Munzam karşılıkların artırılması, kimsenin aklına gelmeyecek ‘cin’ bir fikir olarak sunuldu. Üstelik, munzam karşılıklara faiz verilmeyerek, munzam karşılık oranı neredeyse ikiye katlanmış gibi etki yapıyor. Oysa, munzam karşılık alınmasındaki temel fikir, genel kriz ortamı dışında bir bankadan beklenmeyen ölçüde para çekilmesi halinde, o bankaya bu paraların kullandırılması ile bankanın batmasının önlenmesiydi. Buna rağmen banka batarsa, Sigorta Fonu (TMSF) devreye girip, hiç olmazsa mevduat sahiplerine para kaybettirilmeyecekti. Prensip, Merkez Bankası kaynaklarını kullanmadan zordaki bankayı kurtarmaktı.
Krediler zaten çok pahalı idi
Türk sanayici ve iş adamı, mecbur kalmadıkça veya aşırı kârlı üretim yapabileceğini düşünmedikçe zaten kredi almıyordu. Çünkü, Türkiye’de krediler üzerinde çılgın sayılabilecek oranda mali yük var. Gelişmiş ülkelerde kredi maliyetleri bizimkinin çok al tında ve kredi hacmi büyük olduğu için, Türk şirketleri zaten kredi maliyeti ve kredinin rahat bulunulabilirliği yönünden yabancılarla rekabet edemiyordu.

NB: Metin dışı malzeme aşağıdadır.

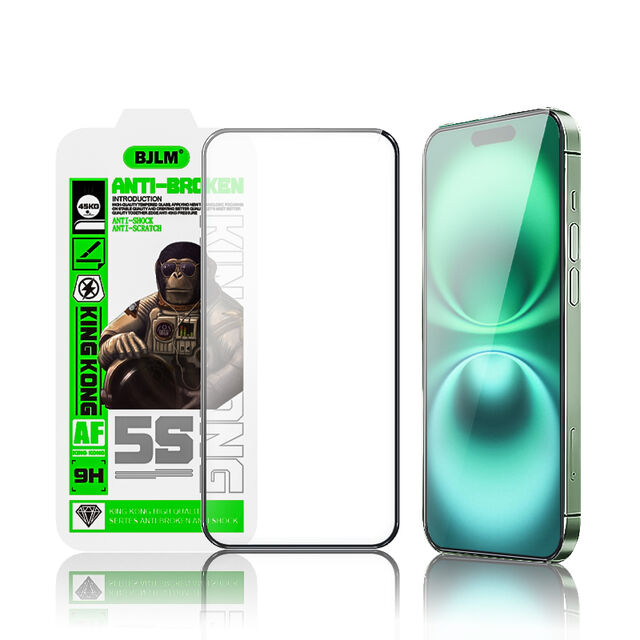 Venta al por mayor directa de fábrica de vidrio templado King Kong de alta gama para iPhone 17 promax, protector de pantalla anti-rotura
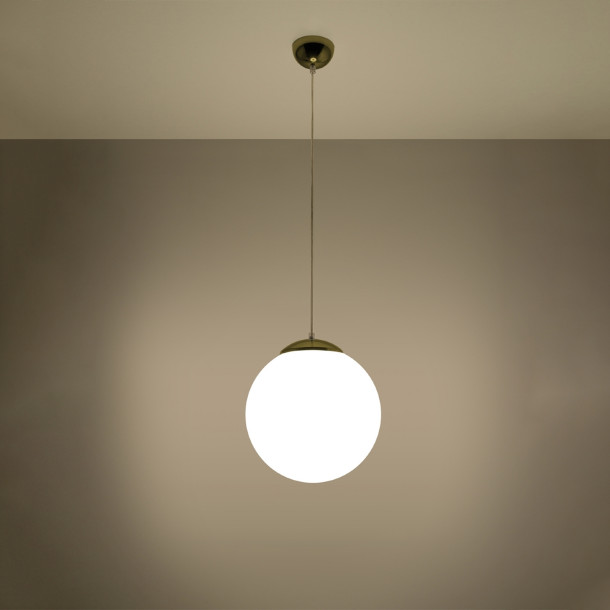 Lampe pendante Lumaena 30 dorée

Şimdi, kredi maliyetine bir de munzam karşılıklardaki artış nedeniyle ilave edilen maliyet de yansıdı.
Zaten, ticari kredilerin çok büyük bölümü ‘blue chip’ denilen süper şirketlere veriliyor. Munzam karşılık kararları bu durumda, sadece KOBİ’leri ve Türk ihracatçısını hedef almış görünüyor.
Sadece kredi hacmi değil, kurlar nedeniyle gittikçe ucuzlayan ithal malları, seçim nedeniyle artan harcamalar, para arzını artıran diğer kalemler, paranın devir hızındaki artış, yabancılara satılan özelleştirme gelirlerindeki patlama, doğrudan yatırımlar, sıcak paranın bir bölümü ve bir çığ halini alan taksitli satışlar yoluyla henüz gerçekleşmemiş tasarrufların harcanması da büyümeyi kamçılıyor. (Taksitli satışların yarattığı büyük talep patlamasını yarınki yazımda ele alacağım.)
Hal böyle olduğu için, yanlış olarak alınan munzam karşılık kararı ile Türk üreticisi cezalandırılmış, yabancı üreticiler ödüllendirilmiş oluyor. Çoğu yabancı veya devlet kuruluşu olan ‘blue chip’ler dışındaki şirketler ve Türk ihracatçısı darbeyi yiyor.
Geçen salı günü New York Times’da, alınan tedbirlerin işe yaramadığını ve ülke ekonomisi için kaygıların gittikçe arttığını belirten “Turkey spends freely again and some analysts worry” başlığı altında bir yazı yayımlandı.
Kaygılar artıyor; ‘cin fikirler’, her zaman olduğu gibi işe yaramıyor.